甘肃是一柄横卧在西北大地的玉如意,而河西走廊,正是这柄如意最温润的握手处 —— 不似柄身的宽厚沉实,也非尖端的锐利锋芒,是祁连山与合黎山夹峙出的恰到好处的弧度,一头牵着中原平原的麦浪翻滚,一头挽着西域戈壁的风沙浩荡。风从乌鞘岭吹来,掠过武威的城墙、张掖的丹霞、酒泉的泉水、敦煌的鸣沙,把两千年的故事都揉进了这道狭长的天地里。

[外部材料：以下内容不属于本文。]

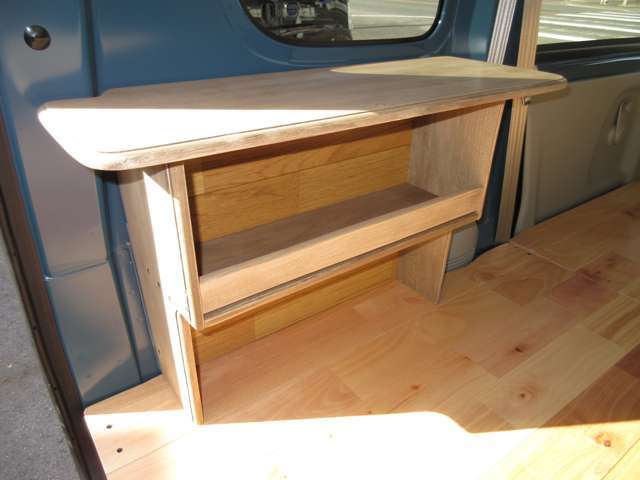 パノラマテーブルとL型で連結する小型ながら多機能な木製のシンプルキャビネットを標準装備！！キャンプのキッチン小物を収納して飾り棚としても！！1段目がフラットでポータブル電源収納も。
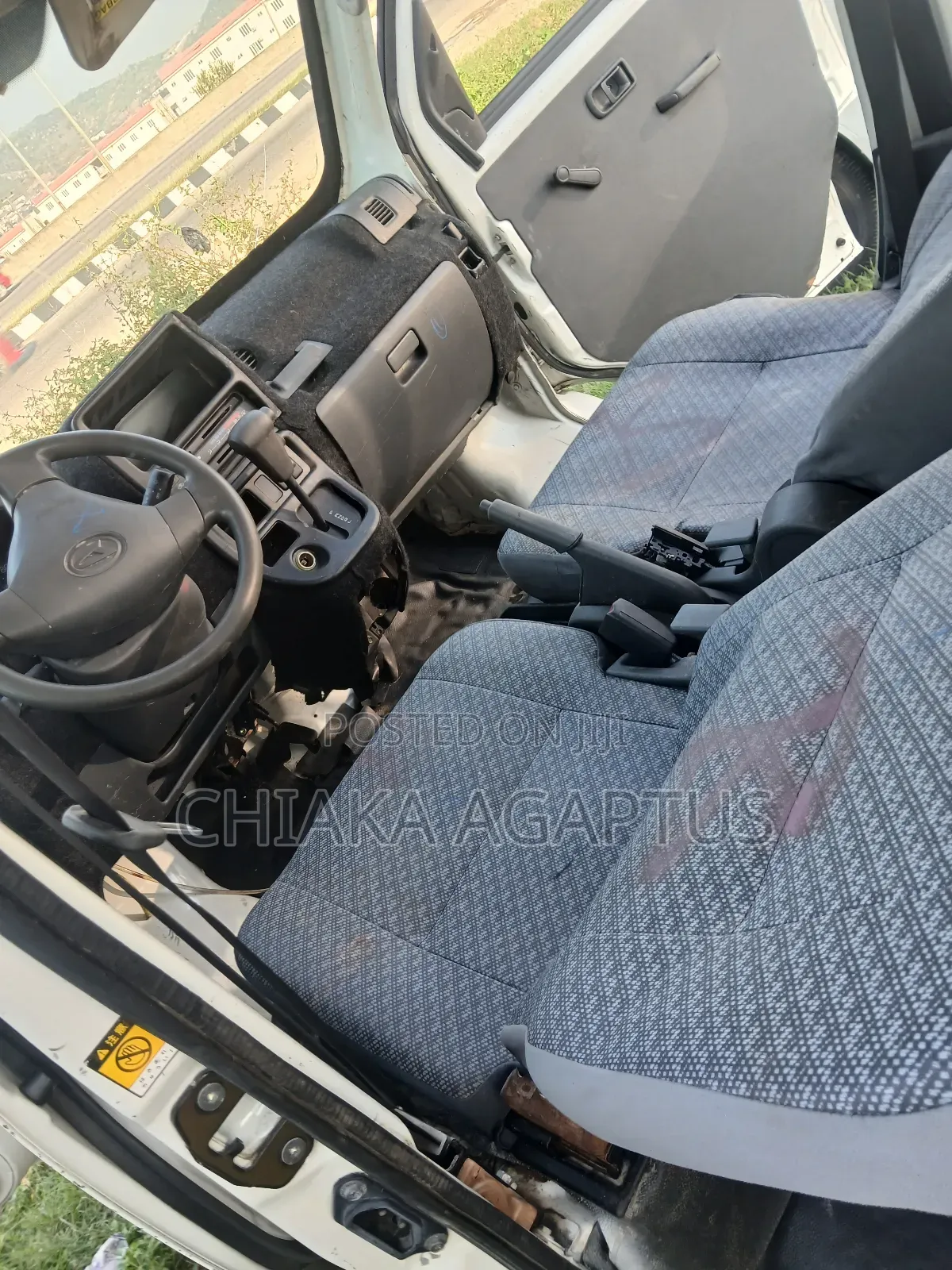 Daihatsu Hijet 2010 White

总想问,是谁先让这道走廊有了心跳?是汉武帝案头摊开的舆图,那上面用朱笔圈出的 “河西四郡”,成了汉家天下向西延伸的起点;是霍去病十八岁的铁骑,带着 “匈奴未灭,何以家为” 的誓言,踏破焉支山的草木,让匈奴人哀唱的 “失我焉支山,令我妇女无颜色”,变成了汉旗猎猎的壮歌。那时的河西,还是水草丰美的 “河西畜牧天下饶”,却因这场征战,从游牧民族的牧歌里,走进了中原文明的典籍中。

后来有班超投笔从戎,在疏勒城的孤灯下写下 “不入虎穴,焉得虎子”,用三十一年光阴守着西域的烟火;有陈汤率部远击,在郅支城的战场上喊出 “明犯强汉者,虽远必诛”,让河西的风里都飘着铁血的尊严。这道走廊从来不是沉默的通道,是商旅驼队踩出的丝绸之路,是丝绸西去、葡萄东来的转运站,是佛教梵音与中原钟鼓交融的十字路口 —— 鸠摩罗什从这里入关,将佛经译成汉文;玄奘从这里西行,在沙漠中寻得信仰的方向。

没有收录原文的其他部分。